Perhaps the mountain doesn’t need to step a few feet this way or a few feet that way, because whatever it may wish to experience eventually comes to it. Rain storms gather and then let loose over the mountaintop. Creeks begin to trickle. They form at the top of the mountain and find their way down to the base. Then, as the storm gathers force, the creeks begin to rush. The creek has not only come to the mountain, but has become part of the mountain itself. The water slips into its folds, soaks through its canyons, pools in its valleys.
Then, once the storm has passed, the sun emerges. Its warmth and energy and light act like the wave of a magician’s wand, and soon shoots of grass poke through the topsoil. In a matter of a few days, a blush of green first spreads south, and then east and then west and then north. What was once brown and barren is now green and fertile. The mountain now possesses its own bed of tall, cool grass. The grass has come to it.
And so on and so on. The mountain suffers fierce windstorms and hurricanes. It cycles through sunbaked drought and pelts of blue ice. Its trees fall. Its boulders tumble. Rivers of mud reshape its valleys. And yet is stands. Forever exposed, forever vulnerable. The mountain does not scramble to build a roof over its head, or skitter over to a taller, bigger mountain and hide behind its skirt. The mountain simply lets the wind rip across its body, permits the unfathomable cold to penetrate its belly, the unbearable heat to scorch its nose. And the gift of this permission – this allowance to let life howl outs its occasional violence and anger and malevolence – is the peace of the quiet mornings; the embrace of the tall, cool grass; the starfield on a clear, bright night; the gentle and life-giving energy of a single drop of water that trembles on the tip of a branch.

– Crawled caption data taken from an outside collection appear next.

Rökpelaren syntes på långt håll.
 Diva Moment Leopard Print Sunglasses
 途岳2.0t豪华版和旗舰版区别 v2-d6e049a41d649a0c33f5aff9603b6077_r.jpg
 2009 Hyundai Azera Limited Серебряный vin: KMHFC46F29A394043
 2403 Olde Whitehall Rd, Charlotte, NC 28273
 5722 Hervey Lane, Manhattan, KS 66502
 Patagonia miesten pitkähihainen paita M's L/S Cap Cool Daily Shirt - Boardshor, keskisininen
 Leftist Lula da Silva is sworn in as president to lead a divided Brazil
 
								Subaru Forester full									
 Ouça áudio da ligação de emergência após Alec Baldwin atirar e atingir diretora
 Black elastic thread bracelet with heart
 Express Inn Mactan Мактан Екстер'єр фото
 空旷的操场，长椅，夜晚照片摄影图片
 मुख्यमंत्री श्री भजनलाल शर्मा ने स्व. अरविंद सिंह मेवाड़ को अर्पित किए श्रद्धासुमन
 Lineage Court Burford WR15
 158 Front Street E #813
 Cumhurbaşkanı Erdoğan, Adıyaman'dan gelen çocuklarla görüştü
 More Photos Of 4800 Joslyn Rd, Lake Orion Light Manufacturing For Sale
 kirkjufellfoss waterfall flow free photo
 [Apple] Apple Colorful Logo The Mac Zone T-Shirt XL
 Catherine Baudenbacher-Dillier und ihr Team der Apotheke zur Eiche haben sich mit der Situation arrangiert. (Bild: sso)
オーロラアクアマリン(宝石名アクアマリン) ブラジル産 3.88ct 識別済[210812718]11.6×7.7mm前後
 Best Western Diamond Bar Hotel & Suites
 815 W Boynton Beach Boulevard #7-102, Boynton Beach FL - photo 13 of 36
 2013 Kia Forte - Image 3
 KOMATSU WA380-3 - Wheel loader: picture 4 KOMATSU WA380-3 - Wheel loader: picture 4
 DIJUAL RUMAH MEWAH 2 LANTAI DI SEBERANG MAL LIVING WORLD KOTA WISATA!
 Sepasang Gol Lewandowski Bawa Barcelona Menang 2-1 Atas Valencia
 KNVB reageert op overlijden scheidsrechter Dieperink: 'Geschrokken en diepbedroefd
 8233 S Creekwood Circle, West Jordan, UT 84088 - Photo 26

Weather has so many expressions. So many voices. So many ways of being. And so does life. Life is going to continue coming at us. Charging at full speed with a force that is both energizing and depleting, exciting and terrifying. Sometimes we will be lulled, sometimes we will be prodded. Sometimes we will be surrounded by a leafy canopy of abundance and well-being, other times that canopy will be shorn and stripped bare. But if we are the mountain, and trust in the cycle - trust in the return of spring and flowers and soft grass and fragrant meadows – then we will be fluid. Flexible. Able to bend in the storm. Sure to stand upright once again after the tempest has past, and turn our various blooms toward the sun. Swiveling like a field of sunflowers.